Kokoro-FastAPI "Can't initialize NVML" on system with CUDA 13.0 and Maxwell GPU

Describe the bug Docker command: docker run --gpus all -p 8880:8880 ghcr.io/remsky/kokoro-fastapi-gpu Kokoro falls back to using CPU. This is fine, but I wanted to use my GPU. As I understand it, CUDA is somewhat backwards compatible, so my CUDA 13.0 system should run a CUDA 12.8 program fine, yes?

I was able to install and use Open-WebUI and its bundled Ollama with my GPU just fine.

Screenshots or console output

2025-10-30 01:23:43.851 | INFO     | __main__:download_model:60 - Model files already exist and are valid
/app/.venv/lib/python3.10/site-packages/torch/cuda/__init__.py:734: UserWarning: Can't initialize NVML
  warnings.warn("Can't initialize NVML")
INFO:     Started server process [30]

Branch / Deployment used docker local on a headless machine Docker command: docker run --gpus all -p 8880:8880 ghcr.io/remsky/kokoro-fastapi-gpu

Operating System

me@my-box:~> cat /etc/os-release 
NAME="openSUSE Leap"
VERSION="15.6"
ID="opensuse-leap"
ID_LIKE="suse opensuse"

#Linux kernel version
me@my-box:~> uname -rp
6.4.0-150600.23.73-default x86_64

me@my-box:~> sudo nvidia-smi -q

==============NVSMI LOG==============

Timestamp                                 : Wed Oct 29 18:52:11 2025
Driver Version                            : 580.95.05
CUDA Version                              : 13.0

Attached GPUs                             : 1
GPU 00000000:01:00.0
    Product Name                          : Quadro K620
    Product Brand                         : Quadro
    Product Architecture                  : Maxwell

me@my-box:~> docker --version
Docker version 28.3.3-ce, build bea959c7b

Additional context Installed NVIDIA proprietary driver and NVIDIA-container-toolkit using https://en.opensuse.org/SDB:NVIDIA_drivers

Oct 30 '25 02:10 wired-filipino-owl

I'd guess that Pytorch + Maxwell GPU architecture is the problem. The Kokoro-FastAPI project uses Pytorch 2.8.0 with CUDA 12.9.
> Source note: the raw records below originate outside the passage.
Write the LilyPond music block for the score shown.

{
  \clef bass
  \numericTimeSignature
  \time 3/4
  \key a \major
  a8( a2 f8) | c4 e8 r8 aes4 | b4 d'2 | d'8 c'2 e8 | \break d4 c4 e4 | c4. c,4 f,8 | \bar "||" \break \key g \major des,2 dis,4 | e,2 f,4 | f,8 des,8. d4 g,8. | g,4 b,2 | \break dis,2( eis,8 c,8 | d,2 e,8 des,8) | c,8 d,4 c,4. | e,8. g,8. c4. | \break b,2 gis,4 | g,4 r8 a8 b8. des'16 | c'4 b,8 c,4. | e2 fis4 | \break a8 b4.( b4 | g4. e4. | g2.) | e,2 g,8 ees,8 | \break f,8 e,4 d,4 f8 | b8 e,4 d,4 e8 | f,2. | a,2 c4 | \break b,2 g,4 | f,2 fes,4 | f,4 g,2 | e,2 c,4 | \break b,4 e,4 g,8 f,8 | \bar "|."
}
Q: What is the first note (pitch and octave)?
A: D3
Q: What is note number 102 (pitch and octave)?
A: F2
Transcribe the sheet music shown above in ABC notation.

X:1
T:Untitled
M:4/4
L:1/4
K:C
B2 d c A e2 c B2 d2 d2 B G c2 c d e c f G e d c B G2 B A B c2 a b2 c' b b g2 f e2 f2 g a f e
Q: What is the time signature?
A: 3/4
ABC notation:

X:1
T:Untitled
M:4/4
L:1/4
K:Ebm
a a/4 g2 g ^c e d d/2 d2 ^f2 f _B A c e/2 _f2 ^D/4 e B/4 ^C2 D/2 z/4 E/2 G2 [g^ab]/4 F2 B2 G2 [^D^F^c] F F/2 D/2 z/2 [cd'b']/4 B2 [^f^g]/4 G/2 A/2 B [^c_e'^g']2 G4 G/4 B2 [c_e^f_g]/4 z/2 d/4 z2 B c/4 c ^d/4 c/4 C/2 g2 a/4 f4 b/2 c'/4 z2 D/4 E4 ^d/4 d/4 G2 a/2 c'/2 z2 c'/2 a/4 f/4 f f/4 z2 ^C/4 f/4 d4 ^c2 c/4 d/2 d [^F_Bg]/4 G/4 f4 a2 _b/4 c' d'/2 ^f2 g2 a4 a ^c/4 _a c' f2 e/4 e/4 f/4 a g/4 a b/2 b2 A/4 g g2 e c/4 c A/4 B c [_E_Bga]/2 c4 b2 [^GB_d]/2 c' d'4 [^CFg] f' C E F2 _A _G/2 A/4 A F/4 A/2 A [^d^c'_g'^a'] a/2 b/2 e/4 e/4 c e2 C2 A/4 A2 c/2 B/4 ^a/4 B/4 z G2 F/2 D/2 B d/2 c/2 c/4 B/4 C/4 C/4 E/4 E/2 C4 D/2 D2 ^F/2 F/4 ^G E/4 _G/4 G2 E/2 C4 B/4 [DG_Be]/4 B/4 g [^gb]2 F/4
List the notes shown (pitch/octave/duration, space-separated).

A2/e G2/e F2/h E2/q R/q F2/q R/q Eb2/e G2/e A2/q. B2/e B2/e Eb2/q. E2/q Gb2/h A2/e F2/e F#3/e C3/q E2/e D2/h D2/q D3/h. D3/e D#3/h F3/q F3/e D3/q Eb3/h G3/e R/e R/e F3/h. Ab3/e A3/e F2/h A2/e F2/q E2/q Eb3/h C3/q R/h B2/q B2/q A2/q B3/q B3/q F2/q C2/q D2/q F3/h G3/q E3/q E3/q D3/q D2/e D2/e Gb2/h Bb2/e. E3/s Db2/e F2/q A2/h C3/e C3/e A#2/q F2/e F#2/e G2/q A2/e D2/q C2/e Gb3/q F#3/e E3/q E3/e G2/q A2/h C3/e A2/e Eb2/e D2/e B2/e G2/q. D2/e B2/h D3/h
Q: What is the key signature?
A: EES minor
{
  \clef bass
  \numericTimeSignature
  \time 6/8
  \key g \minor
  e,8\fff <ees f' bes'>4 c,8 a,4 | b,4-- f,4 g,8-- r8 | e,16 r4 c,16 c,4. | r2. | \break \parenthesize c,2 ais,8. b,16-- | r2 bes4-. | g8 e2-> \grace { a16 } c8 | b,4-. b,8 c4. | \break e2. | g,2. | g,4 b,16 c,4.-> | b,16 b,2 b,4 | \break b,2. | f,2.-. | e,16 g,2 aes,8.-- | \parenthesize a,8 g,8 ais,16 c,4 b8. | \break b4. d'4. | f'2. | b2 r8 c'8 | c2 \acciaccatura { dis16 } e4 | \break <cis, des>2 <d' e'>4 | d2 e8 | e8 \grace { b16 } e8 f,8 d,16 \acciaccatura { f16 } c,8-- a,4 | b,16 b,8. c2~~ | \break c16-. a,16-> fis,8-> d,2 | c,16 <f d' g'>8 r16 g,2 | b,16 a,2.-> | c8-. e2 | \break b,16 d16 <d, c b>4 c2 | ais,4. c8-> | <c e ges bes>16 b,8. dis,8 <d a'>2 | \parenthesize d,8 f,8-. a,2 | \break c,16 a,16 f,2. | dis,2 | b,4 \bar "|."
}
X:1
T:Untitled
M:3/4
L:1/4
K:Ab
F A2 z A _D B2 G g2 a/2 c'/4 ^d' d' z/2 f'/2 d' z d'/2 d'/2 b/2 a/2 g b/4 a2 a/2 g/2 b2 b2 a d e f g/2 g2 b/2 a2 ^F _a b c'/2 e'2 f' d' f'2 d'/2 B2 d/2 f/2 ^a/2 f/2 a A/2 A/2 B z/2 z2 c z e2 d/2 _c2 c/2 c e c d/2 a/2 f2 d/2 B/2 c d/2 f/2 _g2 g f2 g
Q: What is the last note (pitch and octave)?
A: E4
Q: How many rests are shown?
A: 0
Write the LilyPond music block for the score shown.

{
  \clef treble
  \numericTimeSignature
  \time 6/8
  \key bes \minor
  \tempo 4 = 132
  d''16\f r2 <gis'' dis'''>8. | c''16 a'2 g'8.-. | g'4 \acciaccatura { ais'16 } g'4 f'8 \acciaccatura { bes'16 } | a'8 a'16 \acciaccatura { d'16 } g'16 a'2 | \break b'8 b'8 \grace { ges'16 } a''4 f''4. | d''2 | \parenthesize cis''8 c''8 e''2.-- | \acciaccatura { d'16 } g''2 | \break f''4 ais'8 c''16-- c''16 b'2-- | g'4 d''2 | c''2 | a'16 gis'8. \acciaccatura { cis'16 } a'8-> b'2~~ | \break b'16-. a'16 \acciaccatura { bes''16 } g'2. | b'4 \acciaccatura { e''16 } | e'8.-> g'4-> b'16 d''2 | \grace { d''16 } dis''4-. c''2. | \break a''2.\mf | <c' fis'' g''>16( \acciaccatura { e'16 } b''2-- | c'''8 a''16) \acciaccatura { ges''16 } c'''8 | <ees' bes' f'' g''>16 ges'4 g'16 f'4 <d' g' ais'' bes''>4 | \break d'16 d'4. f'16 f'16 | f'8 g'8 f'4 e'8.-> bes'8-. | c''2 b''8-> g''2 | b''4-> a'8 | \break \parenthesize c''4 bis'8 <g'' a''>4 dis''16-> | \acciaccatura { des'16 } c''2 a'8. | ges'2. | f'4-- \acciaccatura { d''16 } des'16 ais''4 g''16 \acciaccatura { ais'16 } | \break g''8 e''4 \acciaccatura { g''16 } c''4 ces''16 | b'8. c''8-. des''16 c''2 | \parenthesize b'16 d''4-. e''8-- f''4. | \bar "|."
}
https://github.com/remsky/Kokoro-FastAPI/blob/88dcf00e4fc622b12eeb271e6f56aff860229646/pyproject.toml#L46

Unfortunately, Pytorch has removed support for Maxwell and Pascal architectures with CUDA 12.8 and 12.9 builds. Although, Pytorch still offers supported 12.6 builds. Additionally, CUDA 13 has deprecated library support for Maxwell.

You could try building a container with this change: #407

Oct 30 '25 06:10 ryan-steed-usa

@wired-filipino-owl were you able to test this fix?

Nov 05 '25 04:11 ryan-steed-usa

@wired-filipino-owl I've spent a bit of time to produce working builds and containers with my fork. The latest builds include changes from the master branch merged with the changes from this PR. If you get a chance to test, please reply. Thanks!

docker run --gpus all -p 8880:8880 ghcr.io/ryan-steed-usa/kokoro-fastapi-gpu:latest

Nov 11 '25 20:11 ryan-steed-usa

@ryan-steed-usa thank you! I will test when I get around to ripping out CUDA 13.0 and downgrading to 12.6 on my OpenSUSE machine. Swapping CUDA versions is an involved process 😓

Dec 15 '25 00:12 wired-filipino-owl